La sua forza: ha imposto l’egemonia culturale tedesca a cinquecento milioni di cittadini europei
Senza dubbio i tedeschi hanno ottime ragioni per apprezzare la cancelliera nata nella ex Ddr. Più che i risultati economici ottenuti, per molti versi contrastanti, Angela Merkel può far valere una vittoria senza precedenti: ha imposto l’egemonia culturale tedesca a cinquecento milioni di cittadini europei. Questo significa che al termine del suo terzo mandato un italiano, un greco, uno spagnolo e tanti altri hanno accettato, nella stragrande maggioranza, che l’etica tedesca sia il modello da seguire. Resistono sacche di dissenso, per altro bollate come «populismo», che la Angela Merkel ha già saputo annientare e umiliare, come nel caso della Grecia di Tsipras. Populismi – il populismo è un potpourri che comprende tutto ciò che si oppone all’ideologia tedesca - che si nutrono, come ha sottolineato Romano Prodi, di austerità, ovvero del principale dogma dell’Unione europea Angela Merkel,

Salvare la democrazia
Come già ricordato, la cancelliera ha sobriamente annunciato che la sua candidatura vuole salvare la democrazia: dimenticando però di aggiungere al sostantivo «democrazia» l’aggettivo «tedesca». La Germania quindi, con a capo un paciosa signora laureata in Chimica nella fu Ddr, ha conquistato l’Europa, antico sogno, per altro già avveratosi durante le celebri invasioni barbariche che scossero l’Europa dal 166 al 476 dc. Questo è il vero risultato di Angela Merkel, infinitamente più importante che ogni statistica economica. Una conquista, quella dei giorni nostri, progettata e attuata con sistematicità tipicamente teutonica. Può non piacere il concetto, che potrebbe essere sfumato: ma è evidente come le regole tedesche, lo stile di vita tedesco, l’interesse del popolo tedesco, concorrono a formare l’attuale forma mentis europea. Chi non vuole definirla «conquista» trovi un altro termine che renda questa fattualità.

Noi, poveri sottomessi al volere tedesco
La spinta definitiva che ha portato a questo risultato l’ha data proprio Angela Merkel: il suo viso bonario da contadina cresciuta tra vacche e prati verdi ha addolcito la ferrea volontà di conquista che connatura la cultura tedesca. La proverbiale sciatteria, nonché l’indomabile pigrizia, dei popoli latini ha fatto il resto.

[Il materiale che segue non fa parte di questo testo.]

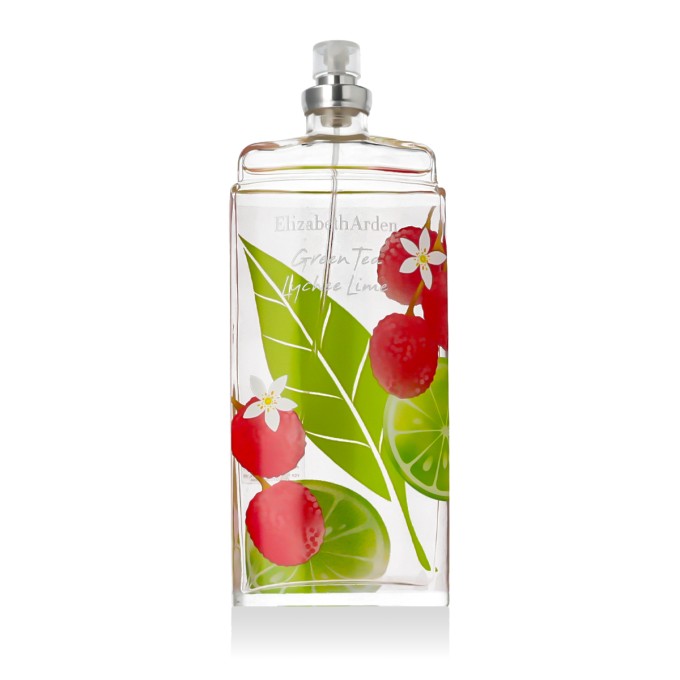 Elizabeth Arden Green Tea Lychee Lime Eau De Toilette - tester 100 ml kvepalai moterims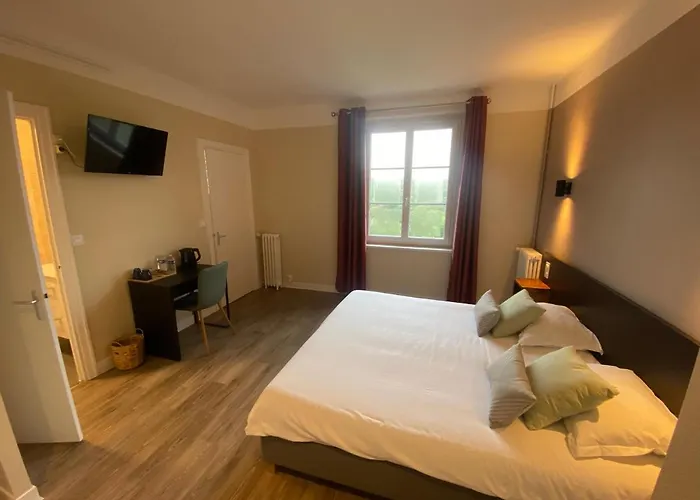 De La Poste 3* Mortain-Bocage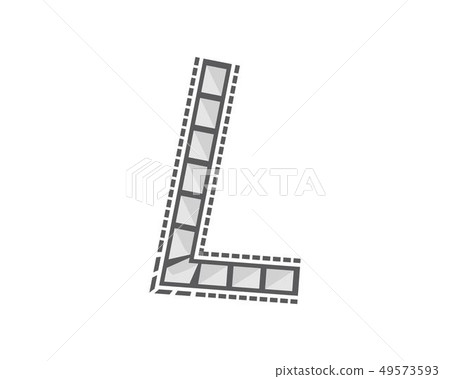 filmstrip vector template illustration designs 49573593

Non si parla ovviamente di armate e fili di ferro, ma di regole teorizzate prima, e applicate ferramente poi, volte ad avvantaggiare un popolo solo. Gli Italiani, ma siamo in buona compagnia, non hanno compreso cosa stava accadendo grazie all’euro, alle regole di bilancio, ed in generale alla struttura istituzionale che caratterizza l’Unione europea. Abbiamo accolto con entusiasmo, anche questa non è una novità storica per altro, coloro che ci stavano conquistando. Le parole di Romano Prodi che denunciano il rinnovato imperialismo tedesco, suonano vagamente inascoltabili: chi se non lui aveva il potere di mitigare l’avanzata di Angela Merkel e della sua ideologia?

Il primo passo: la moneta unica e il debito
Helmut Kohl, Gerhard Schroeder e infine Angela Merkel sono i portatori di una ideologia centrata sul primato della moneta unica e dell’austerità. Moneta unica che significa la fine della svalutazione competitiva da parte di tutti i concorrenti economici diretti della Germania, in primis l’Italia. Concorrenti oberati da debiti che hanno peggiorato la loro portata in virtù delle crisi economiche acuite proprio dall'euro. Si pensi che la lira, tra il 1962 e il 1999, ha avuto una svalutazione pari al 600%. Oggi questo processo non è più possibile, dato che la moneta è comune: non è difficile capire chi abbia guadagnato e chi perso. Non è difficile capire quindi perché la Germania ha rafforzato la sua industria manifatturiera mentre l’Italia la sta vendendo allo stato cinese. Il tutto mentre i debiti pubblici, generati soprattutto dalle crisi economiche e dalla deflazione, esplodevano. Incredibilmente di tutto questo nessuno si accorse quando si scrivevano le regole che certificano tutto ciò. E infatti, noi come i greci, dopo quindici anni di moneta unica ci troviamo a vendere tutto e a svalutare il lavoro.